*** Record set Section Begins ***

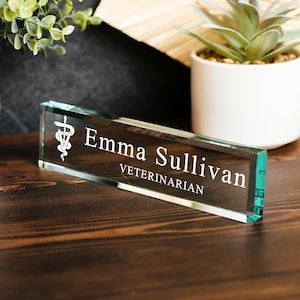 Veterinarian DVM Glass Office Desk Name Plate, Clear New Vet Animal Doctor Nameplate, Practitioner Appreciation Gift, Vet School Graduation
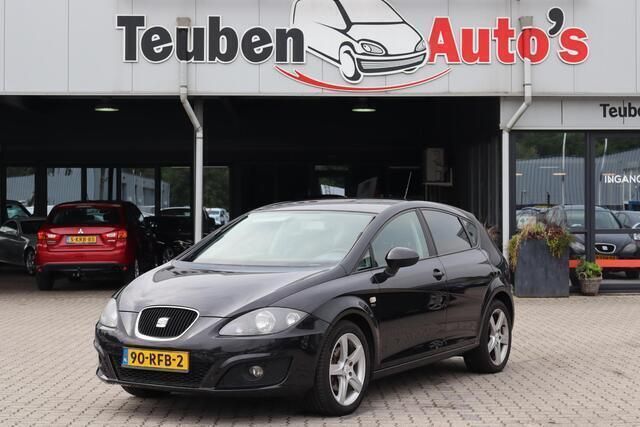 Zwart Gebruikt 2011 Seat Leon Sport Hatchback | € 985 - Afbeelding 1/4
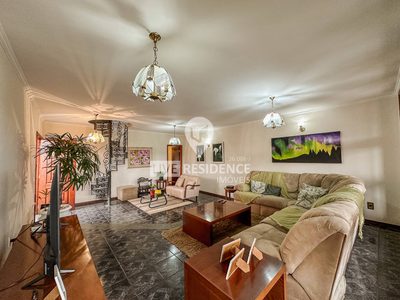 Casa, 3 quartos, 426 m² - Foto 1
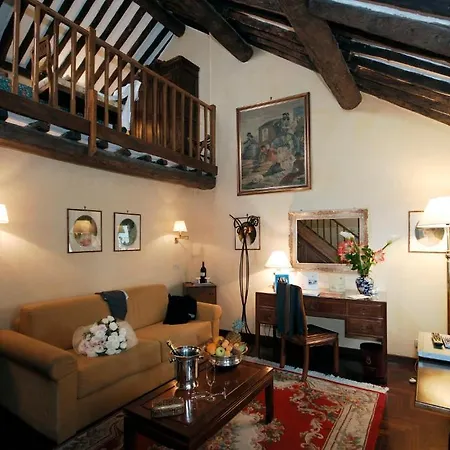 Hotel Torre Cambiaso 4*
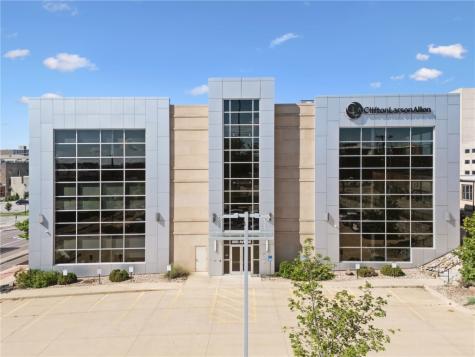 600 3rd Avenue SE Cedar Rapids IA 52401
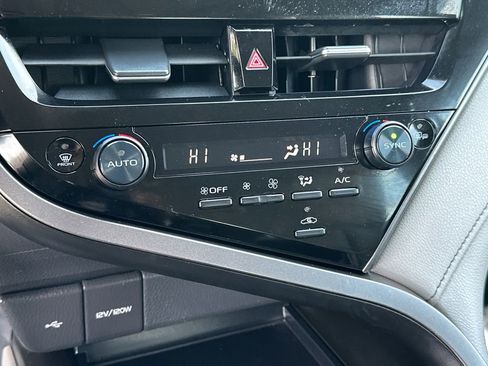 Used 2023 Toyota Camry SE image 26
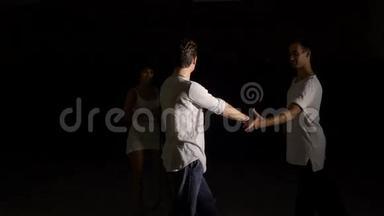 舞蹈指导老师进行舞蹈训练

*** Record set Section Ends ***

[Your goal]
I need the lines from the line holding "600 3rd Avenue SE Cedar Rapids IA 52401" through the end of the material, inclusive, restated word for word and without pictures.

[Completed exercise]
 600 3rd Avenue SE Cedar Rapids IA 52401
 Used 2023 Toyota Camry SE image 26
 舞蹈指导老师进行舞蹈训练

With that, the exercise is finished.